Download and Install

1. Download the latest AppInspect Passed version from: https://splunkbase.splunk.com/app/4617/

   For the latest changes and development efforts: https://github.com/seynur/DA-ESS-MitreContent/

2. Install the application on Splunk Enterprise. DA-ESS-MitreContent should be installed on the Search Head or Search Head Cluster where Enterprise Security Application resides.

   For details on add-on installation please refer to Splunk Documentation: https://docs.splunk.com/Documentation/AddOns/released/Overview/Installingadd-ons

Initial Setup

Upon installation of the add-on, you may need to initially run a search to populate the lookup table. The report simply checks for available (and enabled) Correlation Searches that are tagged for MITRE ATT&CK techniques within the Analytic Stories.

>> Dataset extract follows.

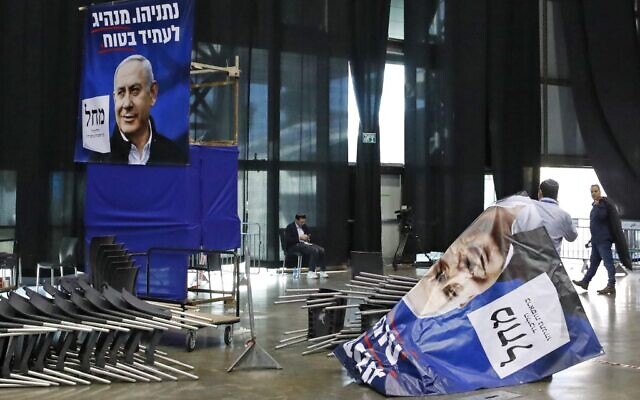 A laborer sorts election posters bearing the portrait of Prime Minister Benjamin Netanyahu, at the Likud party's electoral campaign headquarters in the coastal city of Tel Aviv on March 2, 2020. -(Jack GUEZ / AFP)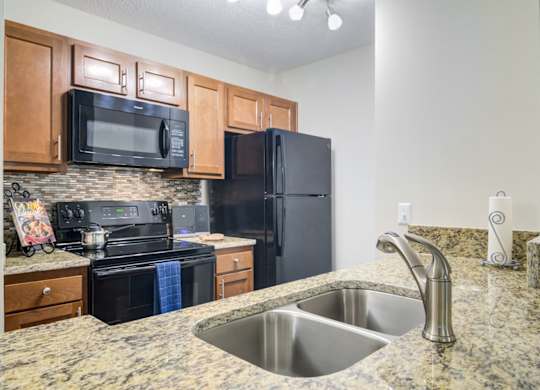 West Marietta, GA Apartments – Wood Pointe Apartments – A kitchen with black appliances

1. First, please check the table at the top named “MITRE ATT&CK Compliance Lookup Gen Status” for lookup table status.

2. Click on the row if the lookup table appears to be empty. This will open a new windows with the “Mitre Compliance Lookup Gen” report. By default this scheduled report runs daily, at 0:00. Its time range is last 24 hours. Click Open in Search button to run this report for the first time.

3. Once the search is completed, you can go back to “MITRE ATT&CK Compliance with Splunk ES” dashboard to view the level of existing rules (enabled and available) in comparison to MITRE ATT&CK techniques.